Photo by Mikkel Høgh Kaldal
Soy Milk
Performance for five languages in canon: Norwegian, Swedish, English, German and Danish.
Translations by Julie Stokkendal, Markus Lantto, Saskia Vogel, Richard Stoiber and Kenn Mouritzen. Actors Minni Katina Mertens, Golshid Rokhzan, Alex Lehman and Constantin Gindele and dramaturg Gritt Uldall-Jessen, 2020
Five monologues in five different languages are performed in canon by actors, whose voices are interwowen in a dynamic arrangement. Sometimes individual sentences stand out, while others overlap and mirror each other in kaleidoscopic soundscapes.
The performance is based on a monologue originally written in Danish, in which a first person narrator talks about being in their apartment, listening to their neighbor through the wall, talking on the phone, reading emails and chatting with a friend, who lives on the other side of the Atlantic.
Language flows through several channels, communication and miscommunication happens, stories are told and assumptions are made. This original monologue has gone through a chain of translations: from Danish to Norwegian, from Norwegian to Swedish, from Swedish to English, from English to German and from German back to Danish. All five translations were made by litterary translators, and only the first translator in the chain got to se the original Danish text – the others had to follow their own instincts and thereby set the text in motion.
Performed at Kunsthal Aarhus, 2020
The narrator's gender is not mentioned in the monologues but is embodied by the performers in different ways. The gender of the narrators neighbour is also unclear, and this ambiguity is dealt with in different ways by the five translators, thereby illuminating how each language provides specific frameworks within or outside which we can understand and express gender that exists beyond the binary.
The title Soy Milk refers to a joke that appears in the monologue: What if soy milk is just milk introducing itself in Spanish?

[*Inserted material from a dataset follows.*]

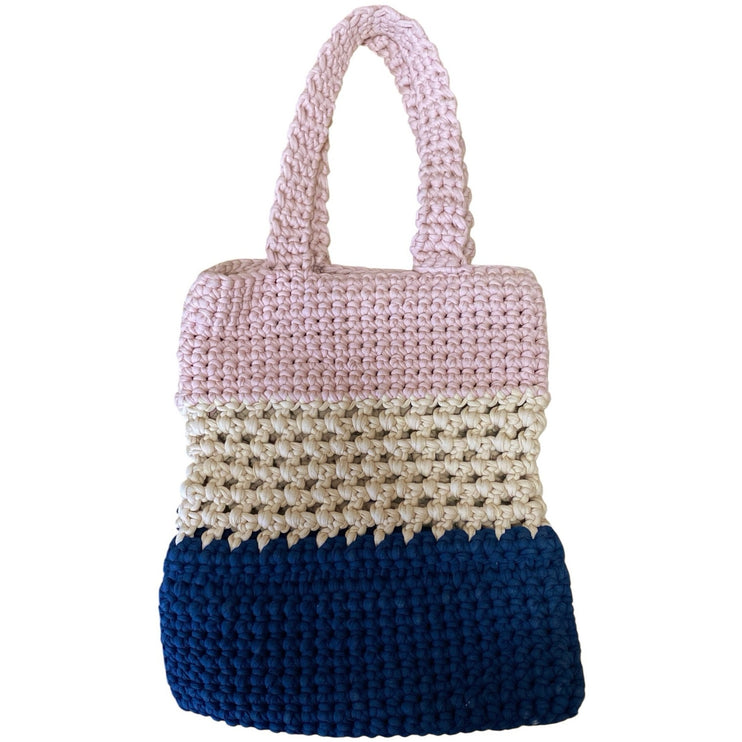 Bylotta Women's Multicolor Crochet Knit Colorblock Shoulder Tote Handbag OS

It plays on the word 'soy', which in English refers to the plant and in Spanish means 'I am'. There is an underlying point in the joke about not being understood when introducing yourself, because you seem to speak different languages: Our backgrounds and biases can make something appear quite definitely to different people, blinding us to ambiguity.
The five translated monologues were published as an artist book by Forlaget Aleatorik.